EXHIBIT 32.1 CERTIFICATION PURSUANT TO 18 U.S.C. SECTION 1350, AS ADOPTED PURSUANT TO SECTION 906 OF THE SARBANES-OXLEY ACT OF 2002 In connection with the Quarterly Report of ITT Industries, Inc. (the "Company") on Form 10-Q for the period ended March 31, 2004 as filed with the Securities and Exchange Commission on the date hereof (the "Report"), I, Louis J. Giuliano, Chairman, President and Chief Executive Officer of the Company, certify, pursuant to 18 U.S.C. sec. 1350, as adopted pursuant to sec.906 of the Sarbanes-Oxley Act of 2002, that to my knowledge: (1) The Report fully complies with the requirements of section 13(a) or 15(d) of the Securities Exchange Act of 1934; and (2) The information contained in the Report fairly presents, in all material respects, the financial condition and results of operations of the Company. /s/ LOUIS J. GIULIANO -------------------------------------- Louis J. Giuliano Chairman, President and Chief Executive Officer May 7, 2004 A signed original of this written statement required by Section 906, or other document authenticating, acknowledging, or otherwise adopting the signature that appears in typed form within the electronic version of this written statement required by Section 906, has been provided to the Company and will be retained by the Company and furnished to the Securities and Exchange Commission or its staff upon request.

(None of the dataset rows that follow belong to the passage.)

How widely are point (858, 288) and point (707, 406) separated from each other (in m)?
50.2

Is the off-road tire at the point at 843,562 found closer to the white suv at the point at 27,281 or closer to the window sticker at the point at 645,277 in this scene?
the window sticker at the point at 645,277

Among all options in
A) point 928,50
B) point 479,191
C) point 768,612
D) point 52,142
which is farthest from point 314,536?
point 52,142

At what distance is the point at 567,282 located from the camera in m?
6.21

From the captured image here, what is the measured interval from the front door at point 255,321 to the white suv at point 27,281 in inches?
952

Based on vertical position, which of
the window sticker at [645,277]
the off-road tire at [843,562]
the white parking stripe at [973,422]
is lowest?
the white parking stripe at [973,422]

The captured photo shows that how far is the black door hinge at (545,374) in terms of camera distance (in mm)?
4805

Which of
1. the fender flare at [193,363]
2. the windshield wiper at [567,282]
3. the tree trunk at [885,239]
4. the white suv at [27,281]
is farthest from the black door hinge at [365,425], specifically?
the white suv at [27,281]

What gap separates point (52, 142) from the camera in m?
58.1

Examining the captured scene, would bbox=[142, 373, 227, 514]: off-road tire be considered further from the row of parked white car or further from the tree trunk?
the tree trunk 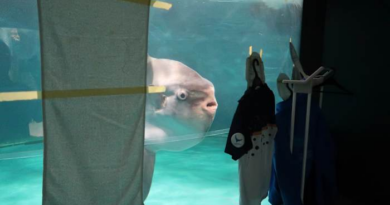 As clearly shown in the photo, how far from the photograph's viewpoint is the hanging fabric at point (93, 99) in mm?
1567

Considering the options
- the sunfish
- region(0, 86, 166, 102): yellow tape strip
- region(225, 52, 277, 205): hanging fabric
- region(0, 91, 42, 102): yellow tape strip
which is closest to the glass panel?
the sunfish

EXHIBIT 32.2 CERTIFICATION PURSUANT TO 18 U.S.C. SECTION 1350, AS ADOPTED PURSUANT TO SECTION 906 OF THE SARBANES-OXLEY ACT OF 2002 In connection with the Quarterly Report of ITT Industries, Inc. (the "Company") on Form 10-Q for the period ended March 31, 2004 as filed with the Securities and Exchange Commission on the date hereof (the "Report"), I, Edward W. Williams, Senior Vice President and Chief Financial Officer of the Company, certify, pursuant to 18 U.S.C. sec. 1350, as adopted pursuant to sec.906 of the Sarbanes-Oxley Act of 2002, that to my knowledge: (1) The Report fully complies with the requirements of section 13(a) or 15(d) of the Securities Exchange Act of 1934; and (2) The information contained in the Report fairly presents, in all material respects, the financial condition and results of operations of the Company. /s/ EDWARD W. WILLIAMS -------------------------------------- Edward W. Williams Senior Vice President and Chief Financial Officer May 7, 2004 A signed original of this written statement required by Section 906, or other document authenticating, acknowledging, or otherwise adopting the signature that appears in typed form within the electronic version of this written statement required by Section 906, has been provided to the Company and will be retained by the Company and furnished to the Securities and Exchange Commission or its staff upon request.